Die Kommentare in Frankreich zu der Bewegung der Gelbwesten könnten unterschiedlicher nicht sein. Die einen warnen vor vermeintlich faschistischen Tendenzen, betonen, dass sich auch die Rechtspopulisten des Rassemblement National (vormals Front National) an den Massenprotesten beteiligen würden. Die anderen, wie Ernaux, begrüßen mit Nachdruck den Aufstand der prekarisierten Mittelschicht und der Provinz gegen die urbanen Eliten.
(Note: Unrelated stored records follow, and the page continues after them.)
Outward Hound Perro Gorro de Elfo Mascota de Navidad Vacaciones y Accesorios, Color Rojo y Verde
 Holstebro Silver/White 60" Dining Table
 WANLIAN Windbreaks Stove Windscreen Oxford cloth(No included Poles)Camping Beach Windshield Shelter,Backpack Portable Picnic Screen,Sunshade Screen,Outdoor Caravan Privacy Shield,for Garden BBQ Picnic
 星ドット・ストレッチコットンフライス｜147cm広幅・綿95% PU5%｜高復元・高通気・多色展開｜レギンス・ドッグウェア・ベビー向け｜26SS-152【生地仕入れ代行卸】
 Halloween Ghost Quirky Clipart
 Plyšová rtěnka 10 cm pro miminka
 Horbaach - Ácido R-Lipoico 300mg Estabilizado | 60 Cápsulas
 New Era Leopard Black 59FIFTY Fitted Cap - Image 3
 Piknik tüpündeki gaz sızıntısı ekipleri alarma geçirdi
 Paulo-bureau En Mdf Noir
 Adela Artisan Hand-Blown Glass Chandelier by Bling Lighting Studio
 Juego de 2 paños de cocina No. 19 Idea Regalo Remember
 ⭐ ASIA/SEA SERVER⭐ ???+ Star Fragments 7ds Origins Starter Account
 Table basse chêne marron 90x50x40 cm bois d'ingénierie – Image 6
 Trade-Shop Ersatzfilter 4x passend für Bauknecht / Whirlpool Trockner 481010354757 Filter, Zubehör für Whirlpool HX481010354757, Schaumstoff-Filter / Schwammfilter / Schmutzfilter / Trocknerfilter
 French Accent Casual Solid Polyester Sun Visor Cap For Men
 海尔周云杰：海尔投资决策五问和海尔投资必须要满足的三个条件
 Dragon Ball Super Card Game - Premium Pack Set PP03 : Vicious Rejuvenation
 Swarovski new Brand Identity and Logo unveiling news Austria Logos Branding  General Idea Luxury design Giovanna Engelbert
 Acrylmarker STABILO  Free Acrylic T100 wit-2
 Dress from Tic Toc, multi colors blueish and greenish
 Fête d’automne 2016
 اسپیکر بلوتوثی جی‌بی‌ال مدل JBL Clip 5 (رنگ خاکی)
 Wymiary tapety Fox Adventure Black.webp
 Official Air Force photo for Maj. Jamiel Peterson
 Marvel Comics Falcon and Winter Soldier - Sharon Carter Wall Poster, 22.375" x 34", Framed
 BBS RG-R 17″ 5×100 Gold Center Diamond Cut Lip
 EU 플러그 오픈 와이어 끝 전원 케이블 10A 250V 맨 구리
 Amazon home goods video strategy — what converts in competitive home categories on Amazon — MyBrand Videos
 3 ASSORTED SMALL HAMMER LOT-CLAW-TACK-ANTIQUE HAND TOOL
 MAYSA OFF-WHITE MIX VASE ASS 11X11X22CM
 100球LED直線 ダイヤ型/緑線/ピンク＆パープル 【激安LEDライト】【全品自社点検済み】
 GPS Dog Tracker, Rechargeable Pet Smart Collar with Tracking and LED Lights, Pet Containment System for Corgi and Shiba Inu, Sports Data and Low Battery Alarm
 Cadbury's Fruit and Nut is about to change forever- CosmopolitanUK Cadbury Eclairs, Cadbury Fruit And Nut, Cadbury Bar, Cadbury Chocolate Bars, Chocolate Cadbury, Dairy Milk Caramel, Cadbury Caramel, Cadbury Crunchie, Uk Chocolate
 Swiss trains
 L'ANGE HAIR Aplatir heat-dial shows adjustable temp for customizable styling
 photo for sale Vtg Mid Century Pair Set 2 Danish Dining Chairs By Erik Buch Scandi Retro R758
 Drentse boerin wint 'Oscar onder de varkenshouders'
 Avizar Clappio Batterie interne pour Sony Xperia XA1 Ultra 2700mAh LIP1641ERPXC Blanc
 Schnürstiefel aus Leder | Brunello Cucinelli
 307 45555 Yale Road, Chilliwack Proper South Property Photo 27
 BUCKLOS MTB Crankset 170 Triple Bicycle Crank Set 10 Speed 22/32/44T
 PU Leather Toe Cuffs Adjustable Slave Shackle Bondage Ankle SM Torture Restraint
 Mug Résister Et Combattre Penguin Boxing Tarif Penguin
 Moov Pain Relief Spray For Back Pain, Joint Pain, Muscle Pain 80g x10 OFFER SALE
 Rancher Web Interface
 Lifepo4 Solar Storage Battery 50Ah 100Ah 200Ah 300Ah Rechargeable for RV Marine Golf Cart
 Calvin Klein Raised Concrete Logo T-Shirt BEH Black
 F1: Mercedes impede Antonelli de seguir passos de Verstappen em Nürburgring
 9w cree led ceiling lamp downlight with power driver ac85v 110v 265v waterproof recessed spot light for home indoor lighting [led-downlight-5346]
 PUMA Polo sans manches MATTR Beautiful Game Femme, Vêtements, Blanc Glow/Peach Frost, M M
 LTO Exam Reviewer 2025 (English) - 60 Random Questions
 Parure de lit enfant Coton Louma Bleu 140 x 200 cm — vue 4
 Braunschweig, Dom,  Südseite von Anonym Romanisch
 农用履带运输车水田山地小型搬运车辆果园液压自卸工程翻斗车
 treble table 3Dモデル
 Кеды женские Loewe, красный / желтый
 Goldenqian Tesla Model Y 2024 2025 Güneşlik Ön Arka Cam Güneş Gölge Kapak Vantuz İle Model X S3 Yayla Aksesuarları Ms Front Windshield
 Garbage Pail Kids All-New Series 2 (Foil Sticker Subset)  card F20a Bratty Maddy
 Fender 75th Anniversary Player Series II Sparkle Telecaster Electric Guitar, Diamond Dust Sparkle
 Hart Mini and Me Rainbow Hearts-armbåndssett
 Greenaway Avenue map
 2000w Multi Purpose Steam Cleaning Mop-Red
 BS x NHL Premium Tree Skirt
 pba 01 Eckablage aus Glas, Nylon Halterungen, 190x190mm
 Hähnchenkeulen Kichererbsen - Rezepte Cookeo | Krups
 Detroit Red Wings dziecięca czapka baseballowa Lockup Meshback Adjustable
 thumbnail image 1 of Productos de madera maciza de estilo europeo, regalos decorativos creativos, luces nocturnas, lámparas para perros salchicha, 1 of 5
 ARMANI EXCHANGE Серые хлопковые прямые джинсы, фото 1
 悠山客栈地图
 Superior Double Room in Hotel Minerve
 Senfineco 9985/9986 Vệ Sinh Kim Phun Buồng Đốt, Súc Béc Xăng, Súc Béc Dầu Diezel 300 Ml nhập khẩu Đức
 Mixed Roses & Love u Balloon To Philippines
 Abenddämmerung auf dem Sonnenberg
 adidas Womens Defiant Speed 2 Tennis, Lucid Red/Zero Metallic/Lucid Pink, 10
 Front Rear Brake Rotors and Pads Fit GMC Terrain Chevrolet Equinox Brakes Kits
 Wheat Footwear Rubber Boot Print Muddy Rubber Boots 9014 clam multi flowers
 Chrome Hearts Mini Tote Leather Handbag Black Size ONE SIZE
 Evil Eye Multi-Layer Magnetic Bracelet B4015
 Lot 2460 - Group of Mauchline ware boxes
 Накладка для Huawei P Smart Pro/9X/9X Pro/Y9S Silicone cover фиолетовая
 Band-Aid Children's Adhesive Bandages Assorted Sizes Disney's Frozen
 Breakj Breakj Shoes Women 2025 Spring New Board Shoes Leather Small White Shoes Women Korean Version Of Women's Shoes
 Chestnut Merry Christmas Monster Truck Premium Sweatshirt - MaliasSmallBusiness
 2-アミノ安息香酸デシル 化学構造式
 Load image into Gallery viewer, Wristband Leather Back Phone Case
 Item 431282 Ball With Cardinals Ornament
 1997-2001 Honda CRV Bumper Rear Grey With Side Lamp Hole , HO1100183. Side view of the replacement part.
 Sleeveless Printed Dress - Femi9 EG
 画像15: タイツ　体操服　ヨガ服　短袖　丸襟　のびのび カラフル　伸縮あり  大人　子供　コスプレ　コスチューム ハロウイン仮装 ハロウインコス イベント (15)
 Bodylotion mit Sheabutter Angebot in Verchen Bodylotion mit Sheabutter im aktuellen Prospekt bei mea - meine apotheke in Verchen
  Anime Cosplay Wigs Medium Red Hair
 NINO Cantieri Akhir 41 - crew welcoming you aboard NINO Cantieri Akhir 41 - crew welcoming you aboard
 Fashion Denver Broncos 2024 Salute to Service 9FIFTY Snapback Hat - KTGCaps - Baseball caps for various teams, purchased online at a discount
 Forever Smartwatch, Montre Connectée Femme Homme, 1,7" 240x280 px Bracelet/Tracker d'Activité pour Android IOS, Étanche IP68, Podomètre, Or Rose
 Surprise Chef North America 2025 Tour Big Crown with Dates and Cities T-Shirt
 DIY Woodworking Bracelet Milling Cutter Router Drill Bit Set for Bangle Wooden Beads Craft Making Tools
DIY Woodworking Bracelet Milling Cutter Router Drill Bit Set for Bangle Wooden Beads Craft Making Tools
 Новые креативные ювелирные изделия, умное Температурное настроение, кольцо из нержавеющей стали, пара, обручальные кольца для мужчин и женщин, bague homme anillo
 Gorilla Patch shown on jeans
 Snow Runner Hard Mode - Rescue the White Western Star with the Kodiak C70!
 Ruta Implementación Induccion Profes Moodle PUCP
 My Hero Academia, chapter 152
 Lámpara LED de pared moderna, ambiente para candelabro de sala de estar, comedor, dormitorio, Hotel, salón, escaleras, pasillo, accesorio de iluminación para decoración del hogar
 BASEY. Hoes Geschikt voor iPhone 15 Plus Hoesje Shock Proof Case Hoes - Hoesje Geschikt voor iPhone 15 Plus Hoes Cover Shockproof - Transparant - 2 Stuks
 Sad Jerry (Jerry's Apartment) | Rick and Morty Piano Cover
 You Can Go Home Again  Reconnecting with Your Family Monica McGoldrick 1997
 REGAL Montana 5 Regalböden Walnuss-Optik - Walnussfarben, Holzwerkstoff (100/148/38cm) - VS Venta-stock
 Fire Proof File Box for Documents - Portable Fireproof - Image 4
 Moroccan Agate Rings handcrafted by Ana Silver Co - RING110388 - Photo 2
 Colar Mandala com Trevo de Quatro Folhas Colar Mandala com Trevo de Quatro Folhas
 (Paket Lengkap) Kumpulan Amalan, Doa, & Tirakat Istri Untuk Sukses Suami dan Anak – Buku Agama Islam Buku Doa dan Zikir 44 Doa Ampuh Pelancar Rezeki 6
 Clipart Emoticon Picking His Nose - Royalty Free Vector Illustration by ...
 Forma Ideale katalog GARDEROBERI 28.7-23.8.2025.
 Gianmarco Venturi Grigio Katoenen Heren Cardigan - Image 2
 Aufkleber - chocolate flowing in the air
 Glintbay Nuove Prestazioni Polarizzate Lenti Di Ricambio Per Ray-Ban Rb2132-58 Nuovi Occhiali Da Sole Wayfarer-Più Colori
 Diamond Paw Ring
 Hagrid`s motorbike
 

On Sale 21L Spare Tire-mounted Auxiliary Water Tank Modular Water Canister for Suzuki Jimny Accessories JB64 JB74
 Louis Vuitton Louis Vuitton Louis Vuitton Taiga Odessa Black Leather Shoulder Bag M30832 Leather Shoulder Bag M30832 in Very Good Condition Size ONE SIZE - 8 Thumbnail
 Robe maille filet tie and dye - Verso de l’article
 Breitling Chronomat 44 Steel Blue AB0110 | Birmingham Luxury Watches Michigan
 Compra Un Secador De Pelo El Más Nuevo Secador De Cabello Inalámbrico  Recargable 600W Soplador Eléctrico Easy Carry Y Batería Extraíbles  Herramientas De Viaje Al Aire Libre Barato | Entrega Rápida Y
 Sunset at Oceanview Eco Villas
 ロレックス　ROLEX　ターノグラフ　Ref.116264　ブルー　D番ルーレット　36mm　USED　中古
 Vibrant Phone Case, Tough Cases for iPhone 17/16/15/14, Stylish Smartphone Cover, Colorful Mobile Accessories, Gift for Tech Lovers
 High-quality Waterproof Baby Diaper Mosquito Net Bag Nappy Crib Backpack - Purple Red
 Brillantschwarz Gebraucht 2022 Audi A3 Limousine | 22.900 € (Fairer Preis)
Nur so könne die neoliberale Politik der Macron-Regierung gestoppt werden.

Auch die deutsche Linke reagiert vielstimmig – euphorisch oder verständnisvoll, nachdenklich oder skeptisch angesichts der auch gewaltvollen Ausschreitungen oder der Versuche, die Bewegung von rechts zu vereinnahmen. Eindrucksvoll ist es in jedem Fall, wie schnell sich die Proteste gegen die Erhöhung der Benzinpreise im Nachbarland ausgeweitet und vergrößert haben, derweil zum Sammlungspunkt all jener geworden sind, die zu den Verlierern der sozialen Spaltung gehören. Die gelben Westen sind inzwischen nicht nur mehr ein politisches Warnsignal der Pendler, Landwirte und Niedriglöhner, sondern stehen vielerorts auch für die Kämpfe der Migrant/innen, Schüler/innen, Studierenden und Umweltbewegten. Sie sind die Antwort auf die wirtschaftsliberale Politik des französischen Präsidenten, auf seine Arbeitsmarktreform nach dem Vorbild der Agenda 2010, eine Antwort auf seine unsoziale Renten- und Austeritätspolitik. Eben deshalb sind die hier und dort aufkommenden Debatten, wie sich die gesellschaftliche Linke zu dem Aufstand der „Gilets jaunes“ zu verhalten habe, auch absurd. Es muss eine Selbstverständlichkeit sein, sich solidarisch mit jenen zu erklären, die gegen die herrschende Politik aufbegehren. Bedenklich sollte aber etwas anderes stimmen, und diese Tendenz ist nicht nur in Frankreich, sondern mit Abstufungen europaweit zu beobachten – das Aufbegehren gegen die herrschende Politik ist in seinem Selbstverständnis nicht mehr unbedingt links. Das Gros der Gelbwesten fühlt sich nicht nur von Macron und Co., sondern anscheinend auch von den klassischen linken Organisationen nicht mehr vertreten. Die Gewerkschaften und linken Parteien unterstützen die Proteste, aber sie waren weder ihr Ausgangspunkt noch sind sie derzeit Ansprechpartner. Die Gelbwesten sind daher durchaus, wie auch der Vorstand der Partei „Die Linke“ vor kurzem beschlossen hat, ein Zeichen der Ermutigung. Sie zeigen aber auch die Schwäche der linken Parteien und der Gewerkschaften an.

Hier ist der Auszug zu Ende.